Between Friday and Sunday, it earned $33.5 million (RMB241 million), according to data from specialist consultancy firm Artisan Gateway. Global data provider Comscore ranked that as the third highest performance of the weekend anywhere in the world, narrowly behind “Barbie’s” $35.3 million.
The latest increment advanced “No More Bets’” cumulative score to $469 million (RMB3.37 billion).
“Papa,” a comedy about parental efforts to improve their son’s education, held an unchanged second place in its second week. It earned $14.9 million over the weekend, a 37% week-on-week decline that gives it a 10-day cumulative of $59.2 million. The film is produced by comedian Huang Bo, who also stars. Huang appears in two of this year’s other hits, “Creation of the Gods” and “One and Only.”

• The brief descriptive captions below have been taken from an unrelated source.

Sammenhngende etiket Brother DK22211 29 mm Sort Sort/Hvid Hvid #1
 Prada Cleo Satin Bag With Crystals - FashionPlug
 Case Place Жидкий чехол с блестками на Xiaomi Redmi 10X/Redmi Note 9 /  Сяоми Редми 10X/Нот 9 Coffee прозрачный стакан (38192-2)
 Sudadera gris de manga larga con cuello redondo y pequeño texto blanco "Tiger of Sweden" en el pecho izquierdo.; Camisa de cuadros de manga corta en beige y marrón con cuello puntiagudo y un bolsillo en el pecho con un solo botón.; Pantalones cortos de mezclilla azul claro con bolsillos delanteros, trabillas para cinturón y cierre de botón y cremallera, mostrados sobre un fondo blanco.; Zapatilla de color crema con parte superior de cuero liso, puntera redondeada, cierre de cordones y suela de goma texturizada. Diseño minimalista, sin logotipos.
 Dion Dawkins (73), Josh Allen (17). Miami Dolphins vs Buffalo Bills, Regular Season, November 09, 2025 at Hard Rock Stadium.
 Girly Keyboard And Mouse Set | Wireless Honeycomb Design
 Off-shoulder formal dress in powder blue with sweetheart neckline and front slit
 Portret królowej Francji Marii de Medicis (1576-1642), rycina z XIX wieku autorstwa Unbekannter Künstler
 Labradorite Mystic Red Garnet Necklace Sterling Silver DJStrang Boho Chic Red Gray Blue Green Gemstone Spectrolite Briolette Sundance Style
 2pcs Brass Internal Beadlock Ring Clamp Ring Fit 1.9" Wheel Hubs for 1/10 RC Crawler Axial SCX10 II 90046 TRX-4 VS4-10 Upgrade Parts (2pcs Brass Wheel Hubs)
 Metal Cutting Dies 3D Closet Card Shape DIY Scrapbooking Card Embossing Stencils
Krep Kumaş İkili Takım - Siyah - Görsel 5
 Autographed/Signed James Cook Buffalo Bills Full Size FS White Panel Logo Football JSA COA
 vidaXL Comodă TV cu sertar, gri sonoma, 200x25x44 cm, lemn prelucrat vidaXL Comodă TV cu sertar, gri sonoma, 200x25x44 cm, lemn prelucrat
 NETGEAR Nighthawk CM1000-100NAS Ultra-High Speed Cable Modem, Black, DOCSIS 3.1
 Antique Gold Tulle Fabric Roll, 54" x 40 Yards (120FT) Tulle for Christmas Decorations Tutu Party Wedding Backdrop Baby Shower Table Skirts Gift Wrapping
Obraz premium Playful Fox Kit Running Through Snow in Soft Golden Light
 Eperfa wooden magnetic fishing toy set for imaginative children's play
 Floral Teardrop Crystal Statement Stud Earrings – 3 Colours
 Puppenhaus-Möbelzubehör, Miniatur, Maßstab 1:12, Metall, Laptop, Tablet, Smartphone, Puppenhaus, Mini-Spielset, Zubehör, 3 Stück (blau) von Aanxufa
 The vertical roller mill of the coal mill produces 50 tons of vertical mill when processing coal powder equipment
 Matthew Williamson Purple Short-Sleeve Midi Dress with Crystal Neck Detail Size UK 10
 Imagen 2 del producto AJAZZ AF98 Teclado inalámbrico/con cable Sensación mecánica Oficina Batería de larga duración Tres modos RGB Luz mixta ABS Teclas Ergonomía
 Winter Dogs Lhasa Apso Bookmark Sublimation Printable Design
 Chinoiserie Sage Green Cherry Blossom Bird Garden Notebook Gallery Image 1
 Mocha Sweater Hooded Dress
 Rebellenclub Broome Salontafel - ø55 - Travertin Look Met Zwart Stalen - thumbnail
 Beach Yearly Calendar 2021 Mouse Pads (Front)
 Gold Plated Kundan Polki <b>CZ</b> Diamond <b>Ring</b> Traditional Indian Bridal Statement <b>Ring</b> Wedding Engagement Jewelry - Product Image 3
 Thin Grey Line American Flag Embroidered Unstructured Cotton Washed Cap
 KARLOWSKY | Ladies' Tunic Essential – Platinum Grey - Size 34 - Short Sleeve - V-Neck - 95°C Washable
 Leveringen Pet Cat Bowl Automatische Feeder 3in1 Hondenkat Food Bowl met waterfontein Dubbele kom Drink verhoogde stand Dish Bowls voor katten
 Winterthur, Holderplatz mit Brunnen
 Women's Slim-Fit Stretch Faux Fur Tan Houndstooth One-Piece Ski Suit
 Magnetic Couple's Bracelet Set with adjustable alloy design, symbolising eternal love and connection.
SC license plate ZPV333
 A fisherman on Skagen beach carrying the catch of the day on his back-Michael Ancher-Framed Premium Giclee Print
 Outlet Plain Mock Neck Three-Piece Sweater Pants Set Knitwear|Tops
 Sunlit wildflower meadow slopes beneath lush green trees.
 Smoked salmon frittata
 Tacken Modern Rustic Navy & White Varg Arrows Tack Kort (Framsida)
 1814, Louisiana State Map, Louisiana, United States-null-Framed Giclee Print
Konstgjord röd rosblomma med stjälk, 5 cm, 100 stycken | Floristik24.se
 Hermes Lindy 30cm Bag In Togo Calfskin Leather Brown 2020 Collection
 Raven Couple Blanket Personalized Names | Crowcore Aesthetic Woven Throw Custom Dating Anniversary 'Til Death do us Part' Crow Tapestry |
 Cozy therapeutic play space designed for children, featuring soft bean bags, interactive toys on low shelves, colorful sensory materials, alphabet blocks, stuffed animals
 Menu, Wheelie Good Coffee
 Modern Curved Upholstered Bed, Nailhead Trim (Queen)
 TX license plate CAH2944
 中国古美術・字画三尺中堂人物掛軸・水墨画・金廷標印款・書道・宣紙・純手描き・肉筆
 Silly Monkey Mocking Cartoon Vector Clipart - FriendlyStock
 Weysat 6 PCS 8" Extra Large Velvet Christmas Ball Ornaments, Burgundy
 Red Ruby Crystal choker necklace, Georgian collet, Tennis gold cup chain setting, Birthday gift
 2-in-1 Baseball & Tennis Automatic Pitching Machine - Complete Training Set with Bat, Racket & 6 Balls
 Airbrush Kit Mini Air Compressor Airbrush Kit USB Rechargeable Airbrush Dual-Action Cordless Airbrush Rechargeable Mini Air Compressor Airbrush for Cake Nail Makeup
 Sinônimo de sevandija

“Creation of the Gods I: Kingdom of Storms,” which released more than a month ago, proved its resilience again. In third place in its sixth weekend, it earned $14.9 million. That gives it a cumulative of $338 million.
Giant screen provider, Imax reported that, within those weekend scores, “Creation of the Gods” earned $1.4 million at its venues, for an Imax sub-total of $34.4 million, and that “No More Bets” scored $830,000 for an Imax sub-total of $12 million.
The highest-ranked new release film in China was “Heart’s Motive,” which scored $4.9 million (RMB 35.5 million) in fourth place. It stars Huang Xiaoming as a whistleblower lawyer who seeks a comeback.
“The Woman in the Storm,” which released on Aug. 17, climbed to fifth place over the latest weekend. It earned $3.8 million (RMB27.1 million) for an 11-day cumulative of $16.8 million (RMB121 million).
(Narrowly outside the top five in China, “Meg 2: The Trench” earned $1.3 million for a China cumulative of $120 million. Comscore calculated that the China-U.S production earned $20.3 million planet-wide this weekend and now has a global total of $353 million, with $74 million of that coming from North America.)
After nine consecutive weekends with China’s nationwide box office clocking in at more than $100 million, the latest weekend fell to $81.9 million, suggesting that the summer season may now be coming to an end and that a shakeup is in prospect.
The next days will see the releases of “Oppenheimer” (on Wednesday, with Imax screens among the mix) and “Gran Turismo” (on Friday), as well as Chinese suspense-romance “Everything Is Unknown” and art-house title “Ripples of Life.” Advanced ticket sales suggest that “Oppenheimer” could lead the chart.